_SUPPLIED RECORDS_
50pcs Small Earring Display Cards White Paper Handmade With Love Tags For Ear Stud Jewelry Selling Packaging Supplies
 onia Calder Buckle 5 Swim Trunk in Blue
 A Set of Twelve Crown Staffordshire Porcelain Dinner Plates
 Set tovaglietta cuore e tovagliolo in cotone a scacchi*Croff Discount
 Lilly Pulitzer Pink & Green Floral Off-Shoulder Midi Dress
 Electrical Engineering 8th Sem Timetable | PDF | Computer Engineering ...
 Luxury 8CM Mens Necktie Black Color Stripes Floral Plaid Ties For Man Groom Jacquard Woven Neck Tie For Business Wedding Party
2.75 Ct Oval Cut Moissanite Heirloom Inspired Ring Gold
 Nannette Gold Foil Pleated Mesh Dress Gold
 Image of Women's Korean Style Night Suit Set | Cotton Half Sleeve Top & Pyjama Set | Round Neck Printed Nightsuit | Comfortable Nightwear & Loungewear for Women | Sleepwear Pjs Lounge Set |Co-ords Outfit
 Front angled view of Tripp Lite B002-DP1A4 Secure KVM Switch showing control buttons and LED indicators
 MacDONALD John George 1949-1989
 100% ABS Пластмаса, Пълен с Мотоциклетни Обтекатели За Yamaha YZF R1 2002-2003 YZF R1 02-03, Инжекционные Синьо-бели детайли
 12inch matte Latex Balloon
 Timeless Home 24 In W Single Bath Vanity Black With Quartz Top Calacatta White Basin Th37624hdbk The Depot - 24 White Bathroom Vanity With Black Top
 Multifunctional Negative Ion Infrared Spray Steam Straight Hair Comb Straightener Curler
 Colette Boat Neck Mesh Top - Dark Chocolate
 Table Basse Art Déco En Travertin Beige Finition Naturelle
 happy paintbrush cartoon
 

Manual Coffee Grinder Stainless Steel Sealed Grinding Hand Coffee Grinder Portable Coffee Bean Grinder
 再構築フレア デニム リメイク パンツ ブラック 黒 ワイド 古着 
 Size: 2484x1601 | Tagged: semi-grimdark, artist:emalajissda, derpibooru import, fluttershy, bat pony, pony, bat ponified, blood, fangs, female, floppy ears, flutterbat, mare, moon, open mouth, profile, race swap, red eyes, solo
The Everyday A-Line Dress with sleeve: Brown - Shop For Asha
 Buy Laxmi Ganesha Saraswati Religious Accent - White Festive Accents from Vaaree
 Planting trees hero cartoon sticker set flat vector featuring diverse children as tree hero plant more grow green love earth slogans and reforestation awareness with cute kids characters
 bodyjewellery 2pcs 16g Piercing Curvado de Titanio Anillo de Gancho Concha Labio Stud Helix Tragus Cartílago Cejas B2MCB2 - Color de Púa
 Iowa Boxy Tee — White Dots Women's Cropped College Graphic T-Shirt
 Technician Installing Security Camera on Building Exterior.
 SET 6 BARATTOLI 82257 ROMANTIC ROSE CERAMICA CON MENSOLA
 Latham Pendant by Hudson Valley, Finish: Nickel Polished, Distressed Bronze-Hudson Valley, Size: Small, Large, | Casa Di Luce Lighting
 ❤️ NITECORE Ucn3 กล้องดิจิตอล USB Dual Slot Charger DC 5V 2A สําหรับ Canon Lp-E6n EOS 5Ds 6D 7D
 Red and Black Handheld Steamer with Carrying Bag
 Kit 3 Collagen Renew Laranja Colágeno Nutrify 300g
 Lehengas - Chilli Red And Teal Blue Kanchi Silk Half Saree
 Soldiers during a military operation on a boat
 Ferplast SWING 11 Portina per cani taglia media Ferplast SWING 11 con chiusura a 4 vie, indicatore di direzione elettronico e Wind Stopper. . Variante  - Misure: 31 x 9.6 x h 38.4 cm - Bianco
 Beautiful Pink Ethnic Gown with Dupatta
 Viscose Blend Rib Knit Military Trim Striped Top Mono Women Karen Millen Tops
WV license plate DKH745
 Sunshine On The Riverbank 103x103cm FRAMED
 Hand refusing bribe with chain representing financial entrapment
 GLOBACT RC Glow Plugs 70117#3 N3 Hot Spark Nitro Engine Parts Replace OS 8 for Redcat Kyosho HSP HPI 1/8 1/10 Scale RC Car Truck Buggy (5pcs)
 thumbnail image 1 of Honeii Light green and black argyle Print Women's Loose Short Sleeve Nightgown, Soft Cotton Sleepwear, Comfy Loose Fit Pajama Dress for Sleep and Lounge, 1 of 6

_INSTRUCTIONS TO FOLLOW_
From the data above, reproduce word for word the lines running from the line with "Ferplast SWING 11 Portina" to the line with "Hand refusing bribe", ends included.

_SOLUTION TO THIS TASK_
 Ferplast SWING 11 Portina per cani taglia media Ferplast SWING 11 con chiusura a 4 vie, indicatore di direzione elettronico e Wind Stopper. . Variante  - Misure: 31 x 9.6 x h 38.4 cm - Bianco
 Beautiful Pink Ethnic Gown with Dupatta
 Viscose Blend Rib Knit Military Trim Striped Top Mono Women Karen Millen Tops
WV license plate DKH745
 Sunshine On The Riverbank 103x103cm FRAMED
 Hand refusing bribe with chain representing financial entrapment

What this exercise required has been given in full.